Quest Diagnostics, Nichols Institute, San Juan Capistrano, California 92690

Address all correspondence and requests for reprints to: Delbert Fisher, M.D., Quest Diagnostics, Nichols Institute, 33608 Ortega Highway, San Juan Capistrano, California 92690. E-mail: fisherd{at}questdiagnostics.com.

Newborn screening for congenital hypothyroidism (CH) began in Quebec in 1974. Jean Dussault and Claude Laberge adapted newly available immunoassays for T₄ and TSH and new information characterizing thyroid system ontogenesis in the fetus and newborn to the Quebec filter paper blood spot screening program for phenylketonuria (1, 2, 3, 4, 5, 6, 7). Parallel programs were rapidly developed in New England and the northwest United States, leading in 1977 to recommendations for CH screening programs from the Newborn Screening Committee of the American Thyroid Association and publication of results of screening of the first million infants in 1979 (8, 9). A progress report of results covering 489,868 infants screened in 36 centers from 12 European countries was published by the Newborn Committee of the European Thyroid Association in 1980 (10). By 1992 it was estimated that 50 million infants worldwide were screened yearly, and the diagnosis of CH was confirmed in 3000–4000 births (11). There have been continuing questions and studies of CH infants for the optimal dose and timing of replacement therapy with Na-L-T₄ (12). Nevertheless, the screening programs have achieved the goal of early detection and therapy and normal or near-normal development of infants with the classical forms of primary CH comprising some 90% of CH infants (11, 13, 14, 15).

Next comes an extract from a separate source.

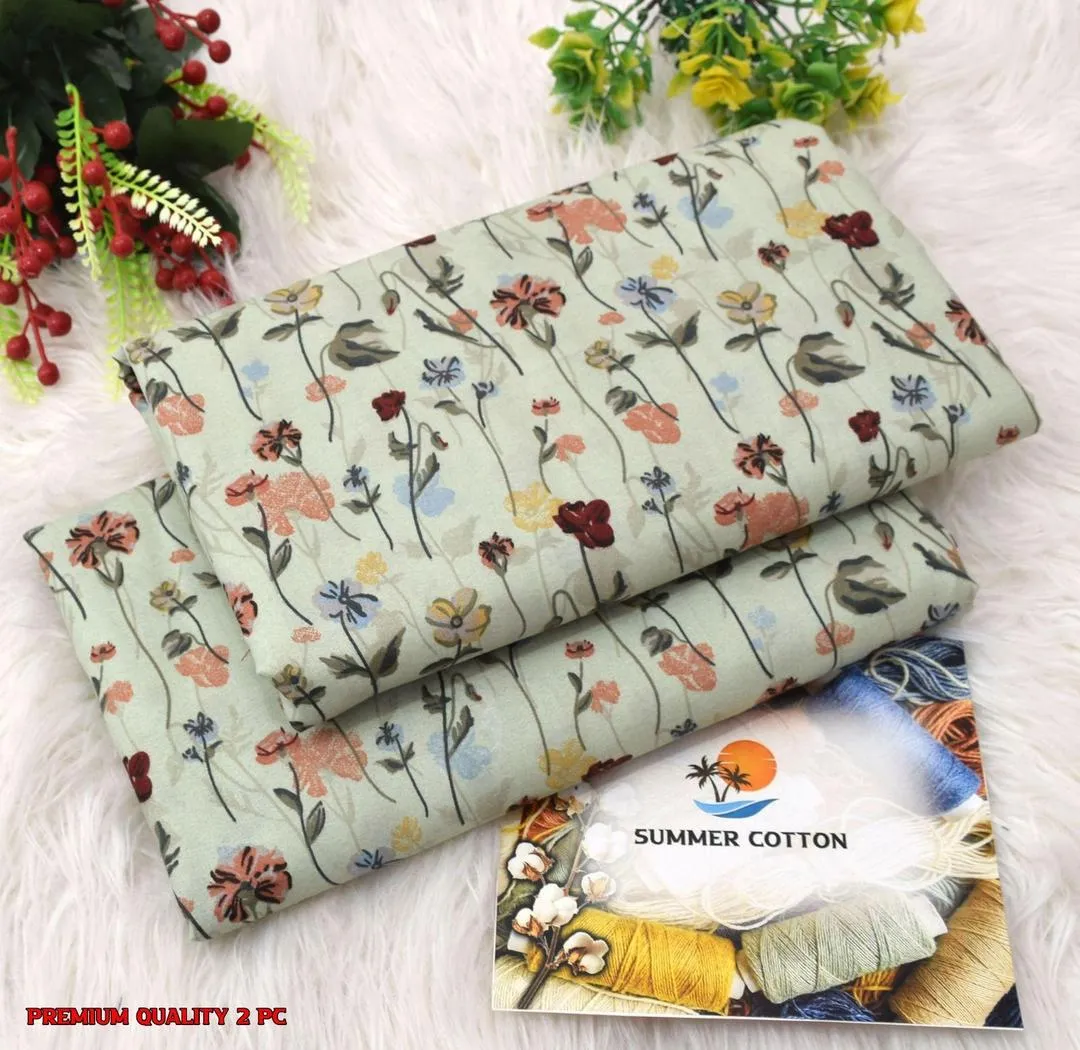 Elegant 2 Pcs Women's Unstitched Printed Suit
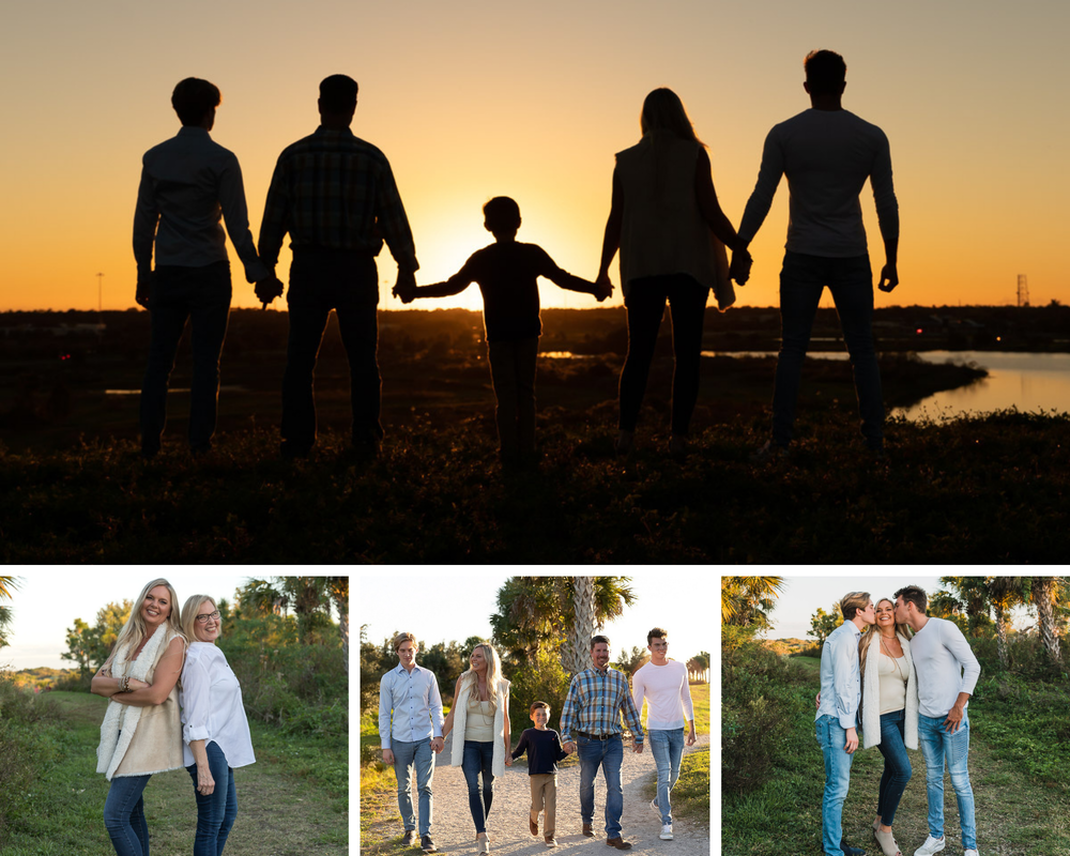family-standing-on-hill-facing-sunset-silhouette-golden-hour-Celery-Fields-Sarasota-Florida-mom-and-daughter-standing-back-to-back-family-of-five-walking-on-gravel-trail-towards-camera-sons-kissing-mom-on-cheek-standing-outside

The testing strategy has varied among programs with emphasis on detection of primary CH. The initial programs in North America employed a total T₄ measurement followed by a TSH assay for specimens with low T₄ values; European programs favor primary TSH screening (11, 16). Primary T₄ screening is usually conducted using a follow-up TSH measured in infants with T₄ values below arbitrary threshold levels. TSH is the most specific test for primary CH, but it does not detect infants with central hypothalamic-pituitary causes of CH. Total T₄ measurements are less specific for primary or central CH. In Europe, due to the relatively low prevalence of central CH, it has been recommended that T₄ not be included in the screening programs (16). The prevalence of central CH varies from 1:25,000 to 1:100,000 births (13). In the program in the northwest United States, where there is a concerted effort to identify all cases clinically, the prevalence is 1:29,000 births (13). Two-tiered testing (T₄ + TSH) can identify suspect cases of central CH if low T₄ and normal-low range TSH values are both reported (13). In 1986, Hanna et al. (18) reported 10-yr results from the northwest United States program adding a second screen at 6 wk of age to detect infants with CH missed during the first screening. Although detecting some missed cases of primary CH, central CH was identified in only 8 of 19 infants (11 identified by clinical means only) (18).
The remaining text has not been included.